Be sure to check out the blue moon tonight.


----------



## Guest (Sep 1, 2012)

Blue moon means that there are two full moons in the month. The moon does not actually turn blue. We had a full moon on August 2nd and now again August 31st, hence the term blue moon. Two full moons in any month is very rare and doesn't happen very often. I forgot how rarely they happen. But they do happen.


----------



## Coolfish (Apr 30, 2012)

I dd not say the moon was blue. I said be sure to check it out.


----------



## Cory1990 (Jun 14, 2012)

To bad it's covered up by the clouds here. I can kinda see how blue it is. Crazy right!

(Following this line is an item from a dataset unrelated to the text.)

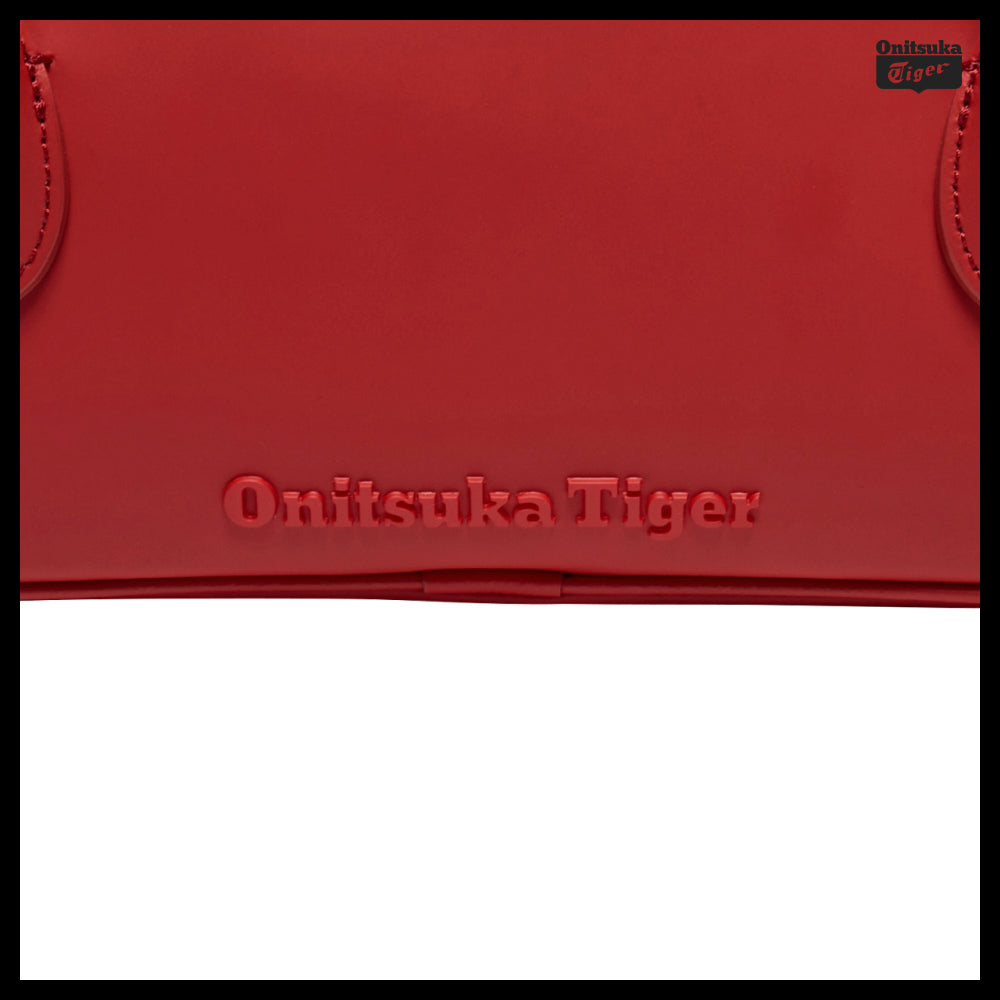 【ONITSUKA TIGER】SHOULDER BAG 2COLORS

(sarcasm) but seriously it's covered by clouds. It's kind of neat to see it 2 times in a month if your into that kinda thing. Personaly I could care less, but if I was 10 years old again having my grandpa tell me it's a blue moon I'd be up late with a telescope waiting for it to turn blue lol. The tricks old people play on kids. I'm sure I'll tell my kids that one to.


----------



## grogan (Jan 23, 2011)

Also, a very tasty adult beverage! Mmmm


----------



## funlad3 (Oct 9, 2010)

That's what I thought this thread was for originally; my dad loves Blue Moon.


----------



## emc7 (Jul 23, 2005)

lucky in nethack


----------



## Charlie1 (Dec 31, 2011)

Angelclown said:


> Blue moon means that there are two full moons in the month. The moon does not actually turn blue. We had a full moon on August 2nd and now again August 31st, hence the term blue moon. Two full moons in any month is very rare and doesn't happen very often. I forgot how rarely they happen. But they do happen.


Next one happens in 2015.


----------